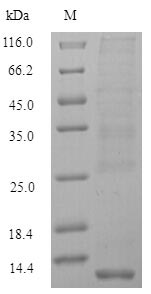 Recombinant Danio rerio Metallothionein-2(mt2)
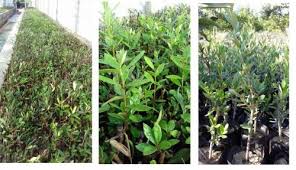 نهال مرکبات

==

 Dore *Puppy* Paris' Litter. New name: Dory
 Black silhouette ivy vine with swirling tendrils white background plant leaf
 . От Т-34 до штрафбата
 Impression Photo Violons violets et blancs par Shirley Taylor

**Exercise aim:**
Which lines above run from the one containing "Т-34 до штрафбата" down to the one containing "Impression Photo Violons"? Repeat exactly those, both ends included, and nothing else.

**Exercise solution:**
 . От Т-34 до штрафбата
 Impression Photo Violons violets et blancs par Shirley Taylor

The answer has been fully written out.